What needs to be done: A line below contains "Japanese fabric golden", and a later one contains "land, roots, two". Repeat both, with every line between them, exactly.

Records shown:
^^^^

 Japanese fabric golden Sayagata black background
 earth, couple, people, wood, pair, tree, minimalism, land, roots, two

^^^^

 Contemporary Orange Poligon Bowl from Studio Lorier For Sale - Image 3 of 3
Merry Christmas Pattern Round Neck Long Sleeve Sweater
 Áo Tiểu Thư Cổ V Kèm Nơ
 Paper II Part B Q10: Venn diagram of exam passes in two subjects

^^^^

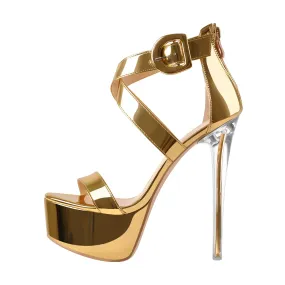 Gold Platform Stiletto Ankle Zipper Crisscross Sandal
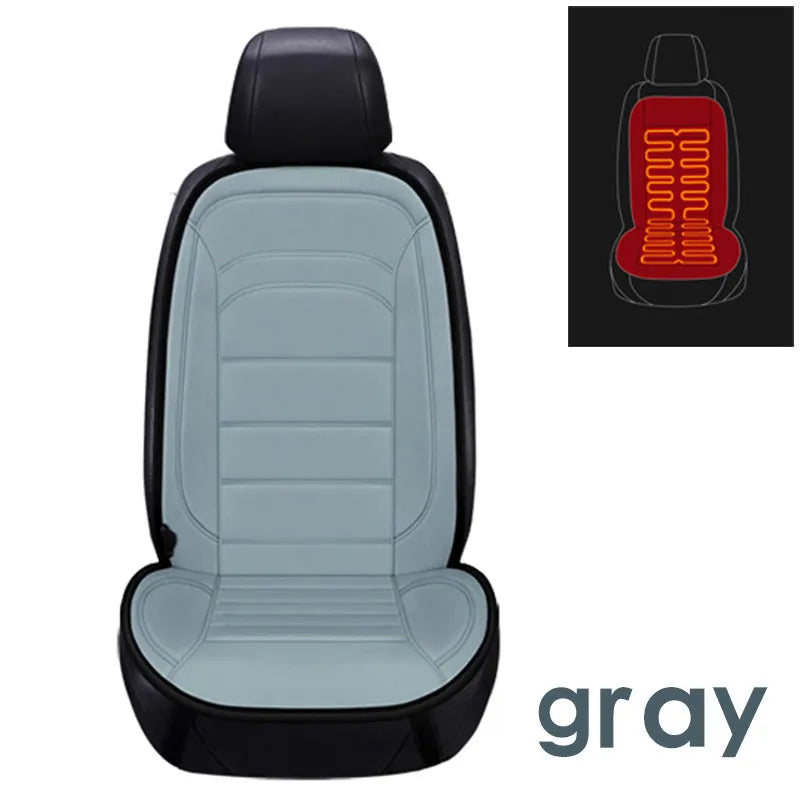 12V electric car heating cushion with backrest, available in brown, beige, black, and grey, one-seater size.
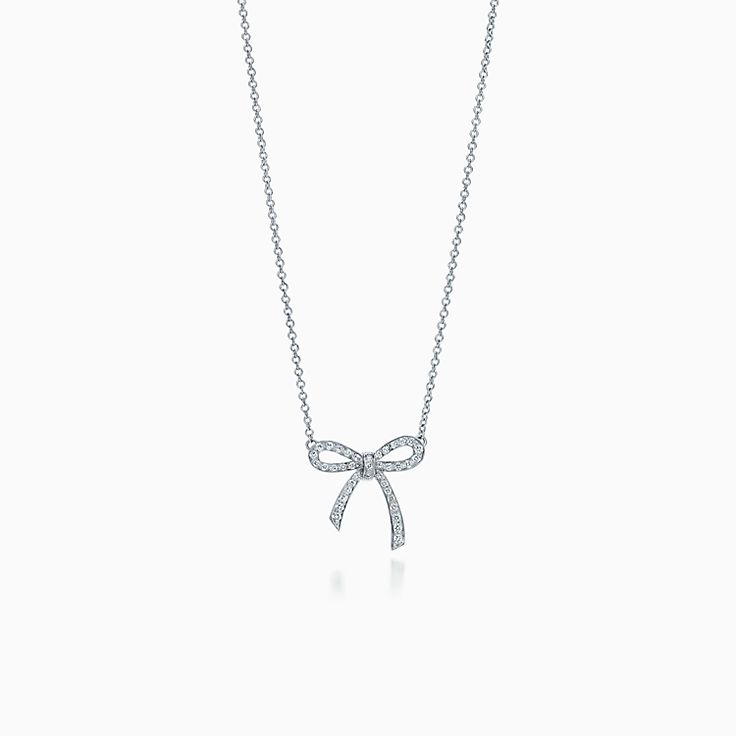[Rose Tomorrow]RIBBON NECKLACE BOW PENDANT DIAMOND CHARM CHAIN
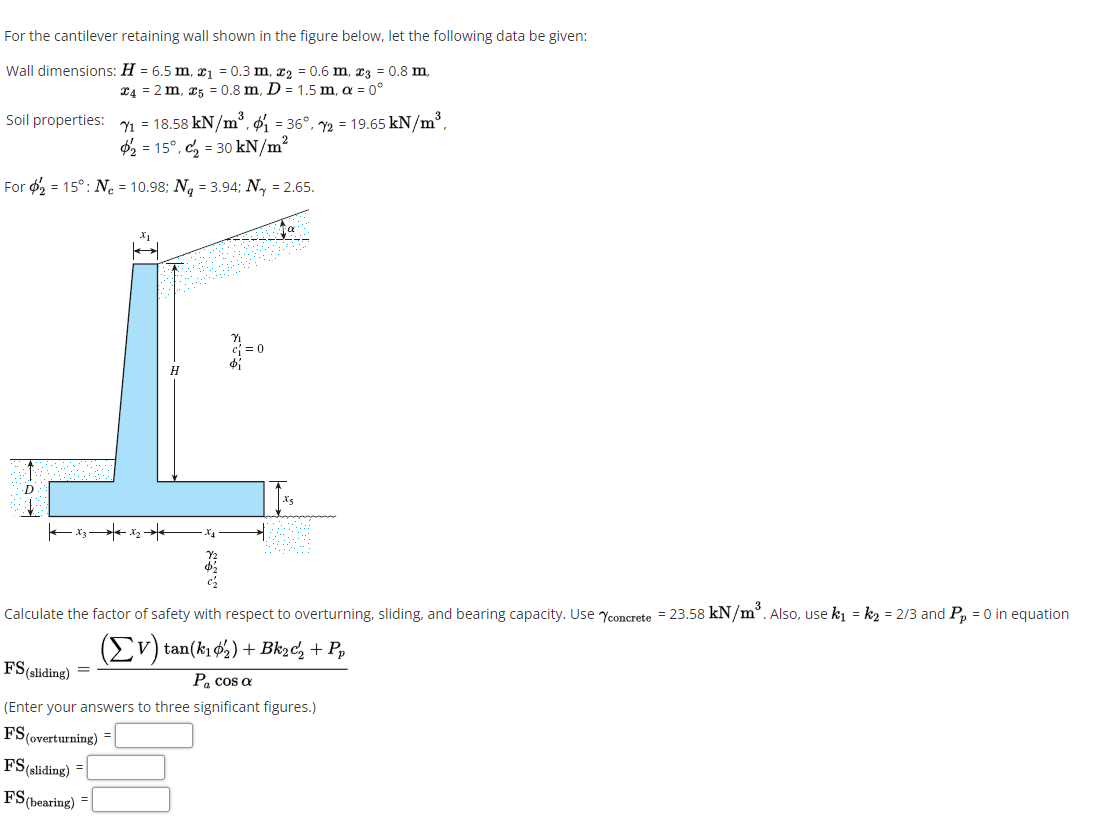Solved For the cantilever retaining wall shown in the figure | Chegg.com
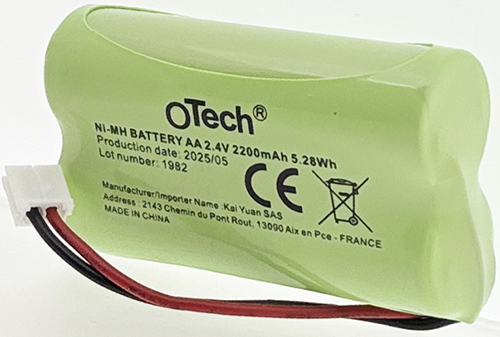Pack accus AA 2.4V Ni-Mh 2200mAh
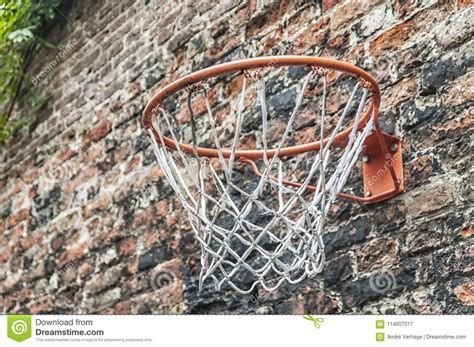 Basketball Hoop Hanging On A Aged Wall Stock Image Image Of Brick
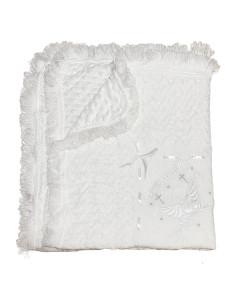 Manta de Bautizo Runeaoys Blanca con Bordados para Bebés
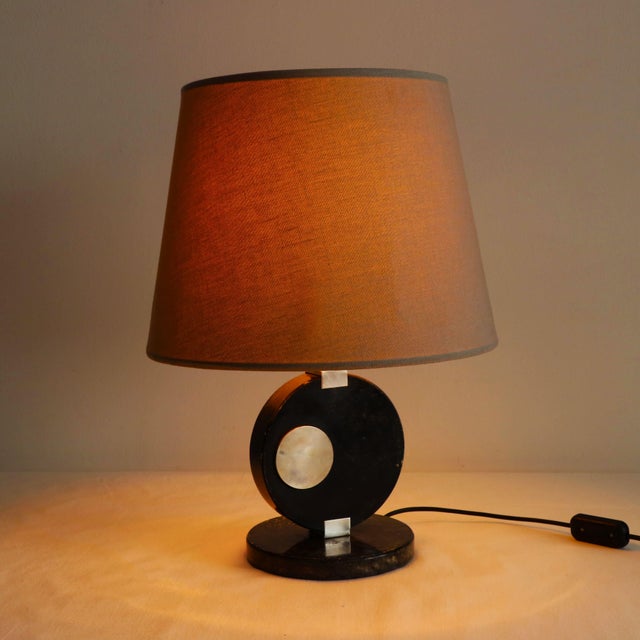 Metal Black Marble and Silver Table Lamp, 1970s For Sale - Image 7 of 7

^^^^

Answer section:
 Japanese fabric golden Sayagata black background
 earth, couple, people, wood, pair, tree, minimalism, land, roots, two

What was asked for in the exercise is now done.